*** Opening of DATA FOR ANALYSIS ***

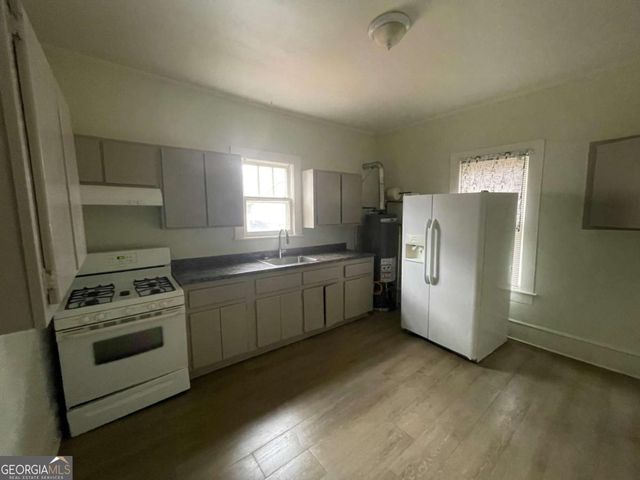 415 Calhoun Avenue NE, Rome, GA 30161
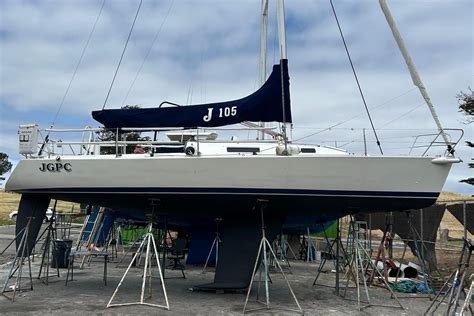 1996 J Boats J105 Course Croisières à Vendre Yachtworld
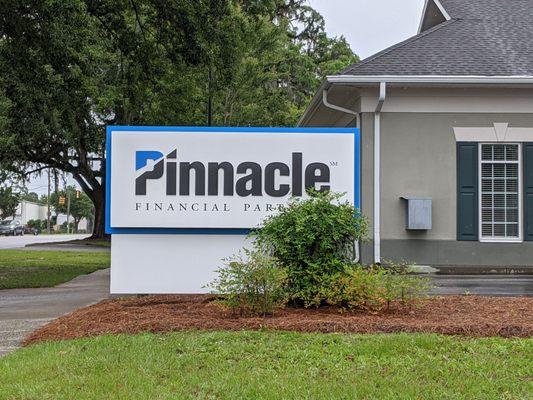 Pinnacle Financial Partners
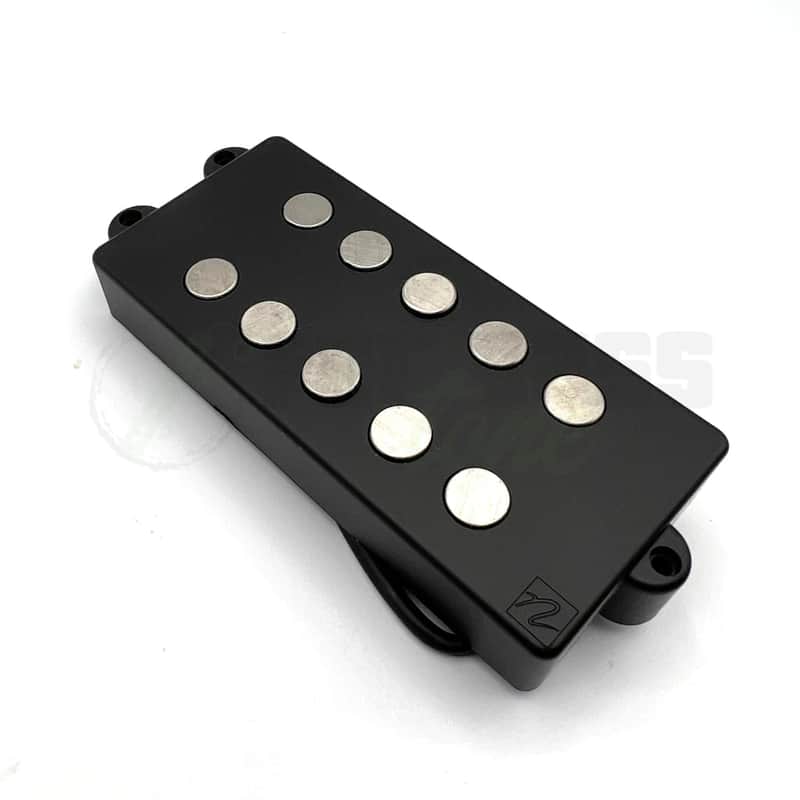 Nordstrand Audio MM5.2 5 String Dual Coil Music Man® Bass Pickup - OLP image 1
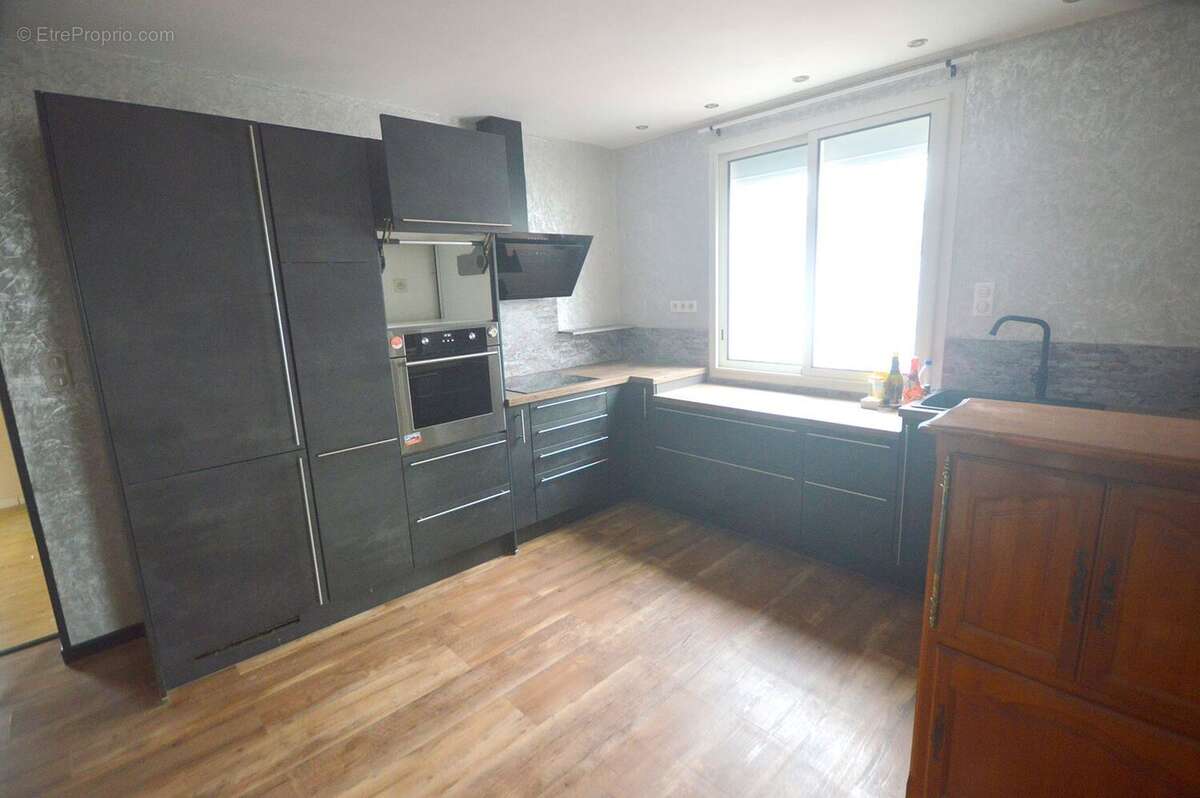 Maison à SAINT-GEORGES-DE-DIDONNE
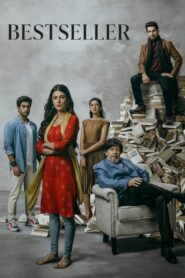 Bestseller (Season 1) Download Web-dl Hindi All Episodes | 480p 720p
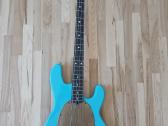 Sterling by musicman ray2 stingray bosinė gitara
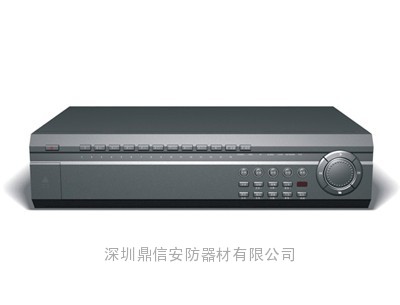 多功能硬盘录像机DX-4013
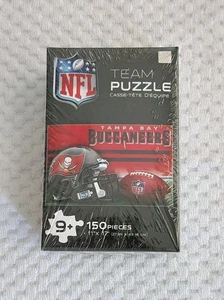 NFL Tampa Bay Buccaneers Team Puzzle, 150 Teile, Bucs Puzzle, 11x17, Neu, Versiegelt - Bild 1 von 9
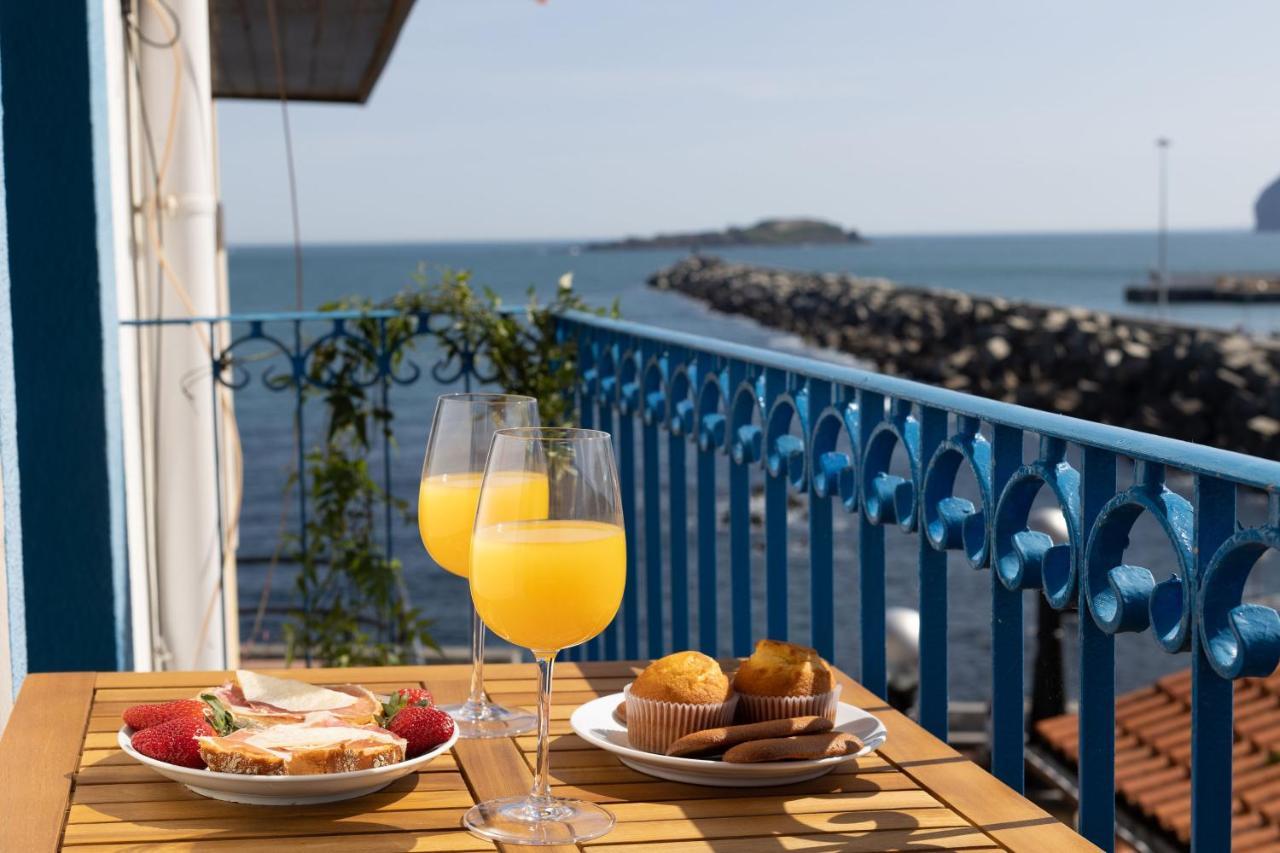 Izaro Best View By Urdaibai Rentals Bermeo Exteriér fotografie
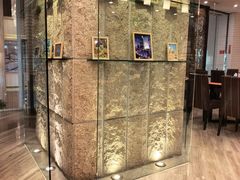 -索菲特酒店·海鲜自助 ·聚餐厅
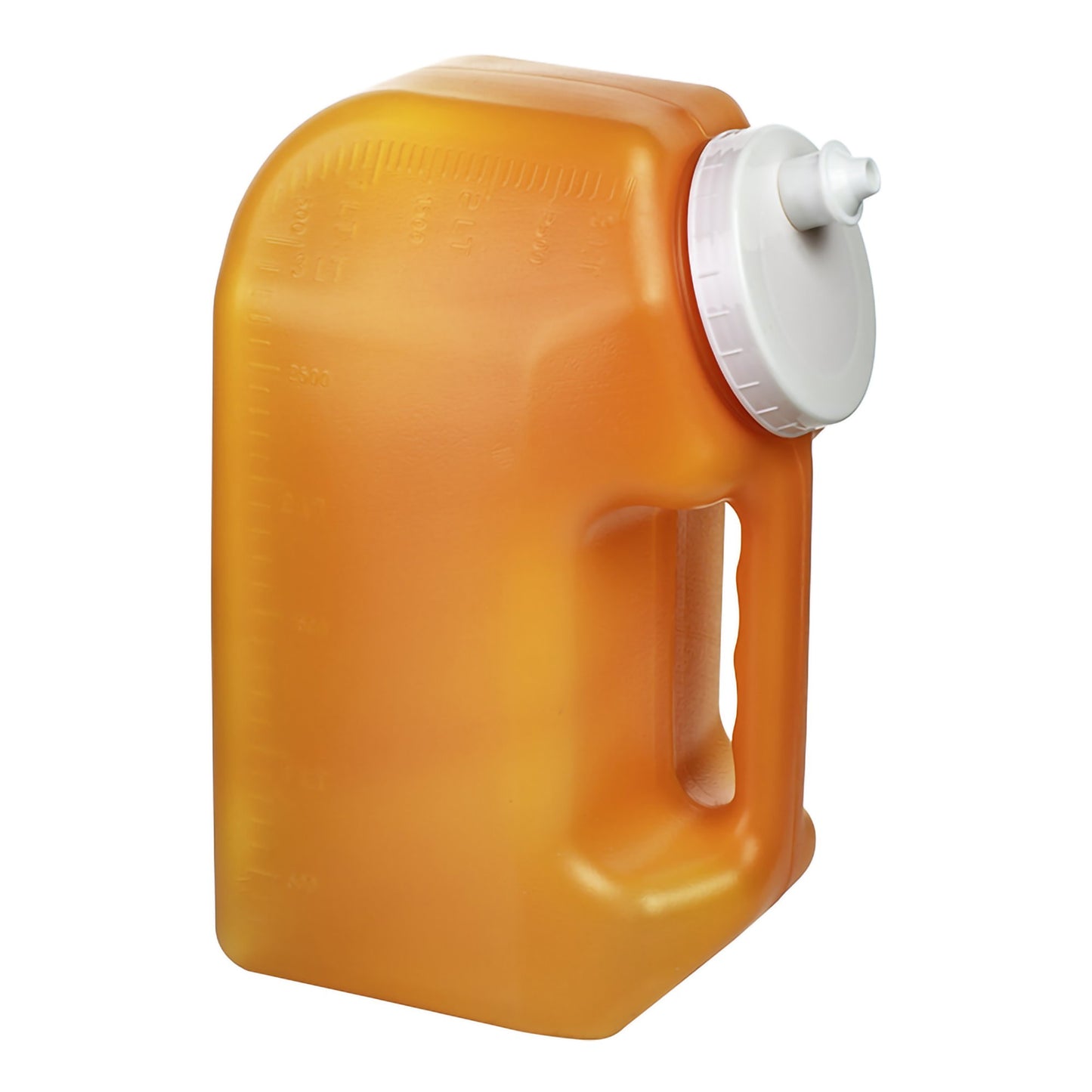 CONTAINER, URINE COLL 24HOUR 3L (1/EA 40EA/CS)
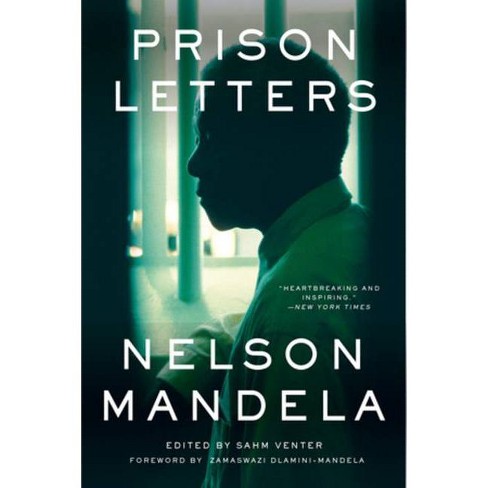 Detail Buku Nelson Mandela Nomer 27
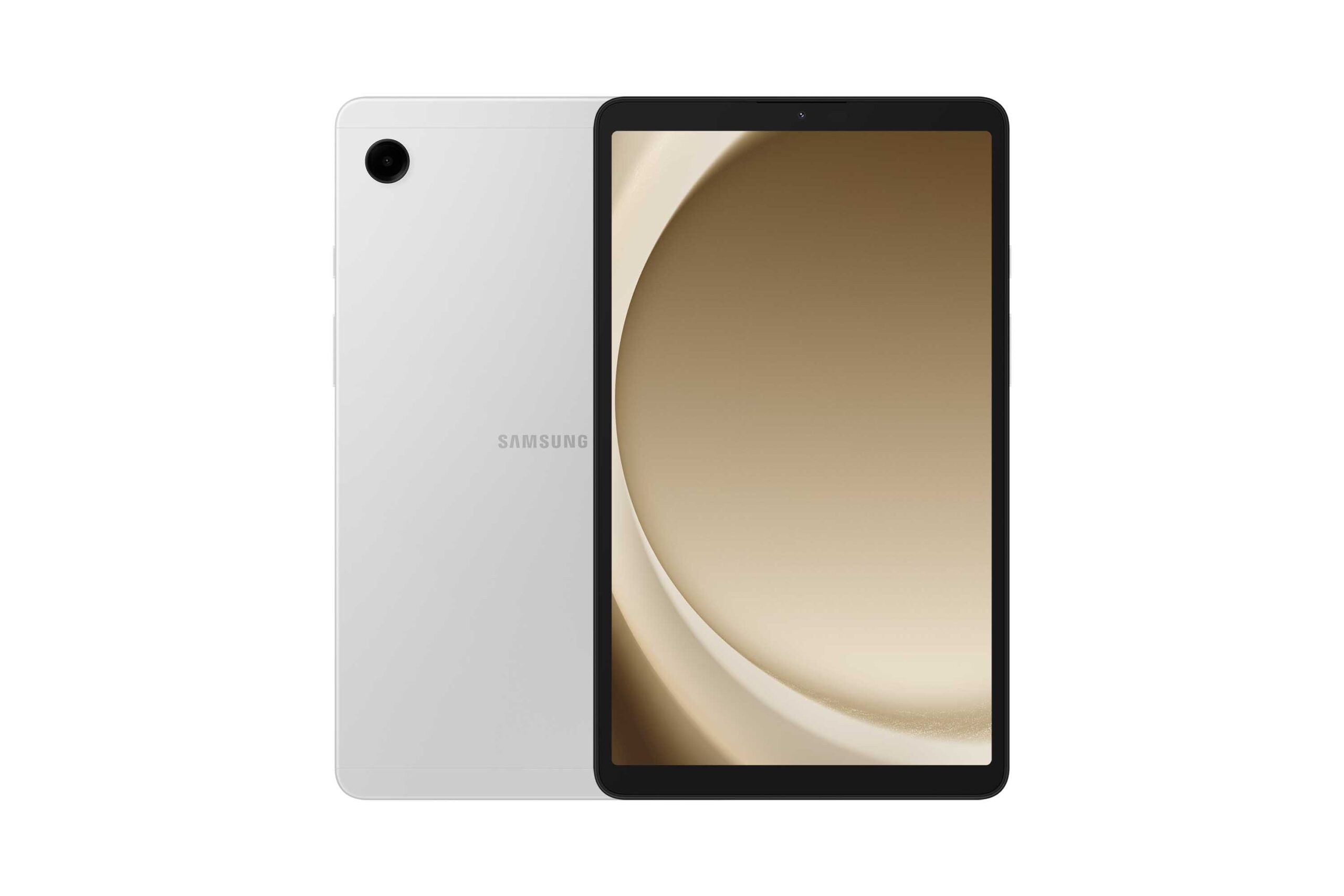 SAMSUNG Galaxy Tab A9 8.7&Prime; 8GB+128GB Silver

*** Close of DATA FOR ANALYSIS ***

** TASK DETAILS **
Do not include images; quote all of the entries above exactly.

** REPLY **
 415 Calhoun Avenue NE, Rome, GA 30161
 1996 J Boats J105 Course Croisières à Vendre Yachtworld
 Pinnacle Financial Partners
 Nordstrand Audio MM5.2 5 String Dual Coil Music Man® Bass Pickup - OLP image 1
 Maison à SAINT-GEORGES-DE-DIDONNE
 Bestseller (Season 1) Download Web-dl Hindi All Episodes | 480p 720p
 Sterling by musicman ray2 stingray bosinė gitara
 多功能硬盘录像机DX-4013
 NFL Tampa Bay Buccaneers Team Puzzle, 150 Teile, Bucs Puzzle, 11x17, Neu, Versiegelt - Bild 1 von 9
 Izaro Best View By Urdaibai Rentals Bermeo Exteriér fotografie
 -索菲特酒店·海鲜自助 ·聚餐厅
 CONTAINER, URINE COLL 24HOUR 3L (1/EA 40EA/CS)
 Detail Buku Nelson Mandela Nomer 27
 SAMSUNG Galaxy Tab A9 8.7&Prime; 8GB+128GB Silver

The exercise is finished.